Everyone was happy with that, and we were spending less money and throwing much less away. Then we got really smart. We ordered the big, bulky, boring things online to be delivered once a fortnight: the toilet rolls and cleaning stuff, basically. They were even cheaper than at the supermarket and it saved us lugging it all home. This was when we realised we didn’t need the supermarkets as much anymore.
On top of this, we found out some of the things they were up to, like using horsemeat instead of beef. We also watched videos on the internet showing how they keep chickens and how they make that processed ham we put in the kids’ pack lunches. Yuck! Then we learned how they bully their suppliers into selling things less than it costs to produce! Well that can’t be right, not in anybody’s book. Oh yes, and some of them were fiddling the books too, making out they were doing better than they were. If we did that they’d send us to prison.
We never liked them that much in the first place but now we’re starting to hate them.
Supermarkets must now choose what they want to be: nice or nasty, basically. Do they invest in their stores to make them appealing? (with proper restaurants serving freshly cooked healthy food, together with an engaging events calendar) or do they go nasty and strip out any niceties to compete with the discounters who consider even shelves to be luxury furniture?
They may be dying but they ain’t dead yet.
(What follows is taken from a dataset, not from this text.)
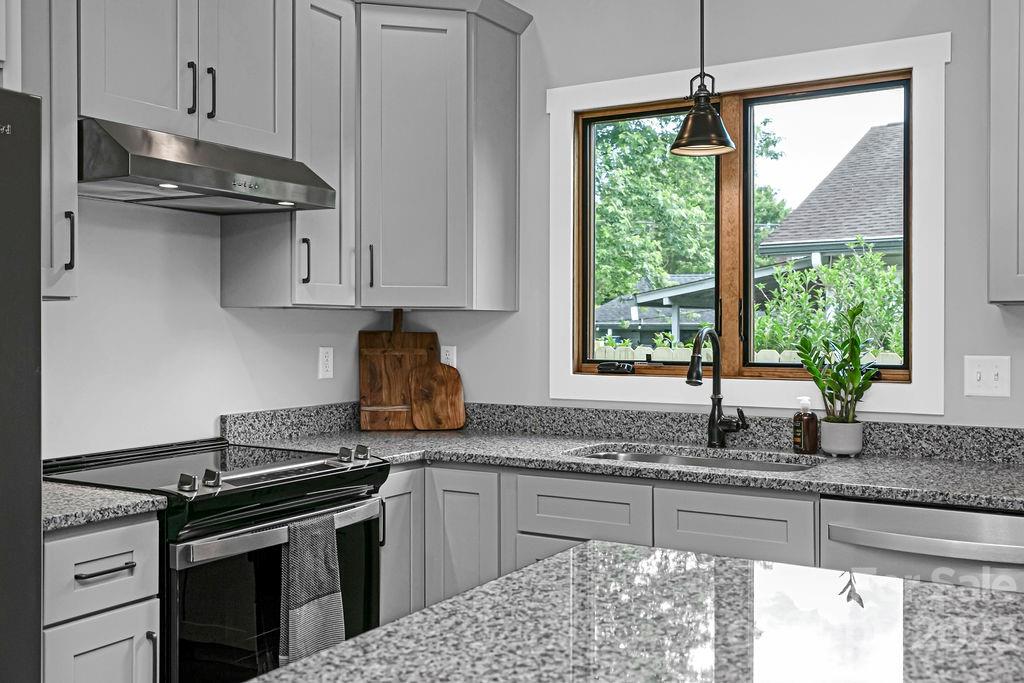183 Neely Road Brevard, NC 28712 - Photo 3 of 44 a kitchen with granite countertop a sink a stove and a granite counter tops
They still have time to change if they really want to but it will need a massive cultural shift and tankers rarely move like speedboats. In fairness, one or two are already showing signs of adapting, promising us better looking stores with decent restaurants and ethical business practices. Who knows, we may even get to like them again.
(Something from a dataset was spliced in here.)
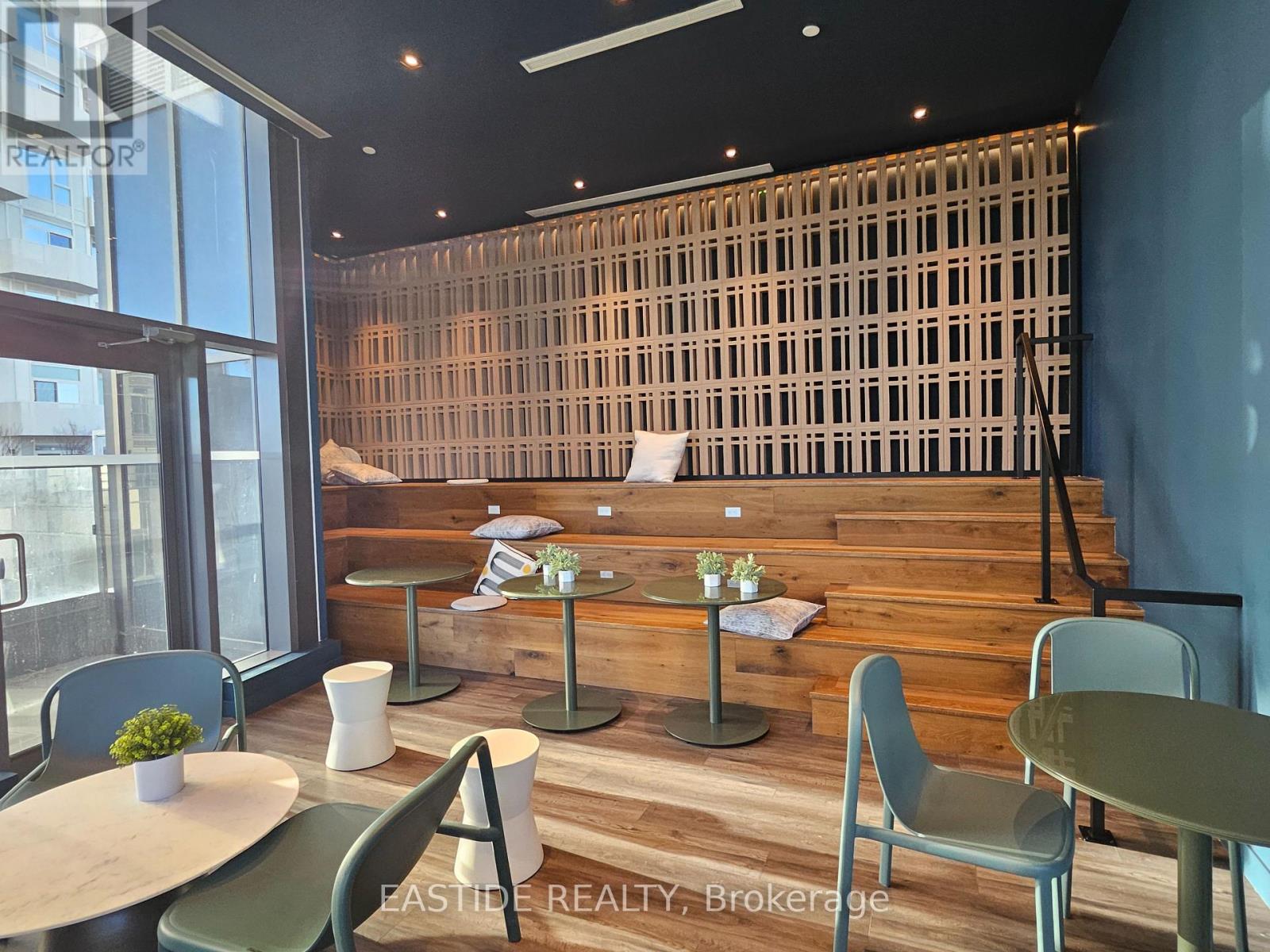 A modern dining area with wooden walls and furniture.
In the meantime, we are quite enjoying ourselves, using the corner shop and getting to know the fat, flirtatious butcher. (We never really chatted to the supermarket butcher, but then again, he is about sixteen). We’ve learned that stores are exactly what they say they are: giant warehouses where things are neatly stored. They’re not really for us. We now know we want our shops to be engaging, friendly places where they actually really remember us and don’t just pretend. We’ve learned to like food shopping again and we love it when a shop, or a brand, asks us to sample something or wants feedback on a new range. It’s like they actually value our opinion! And we love just popping in to say hello and find out what’s new.
I guess it’s a funny, old fashioned thing called community.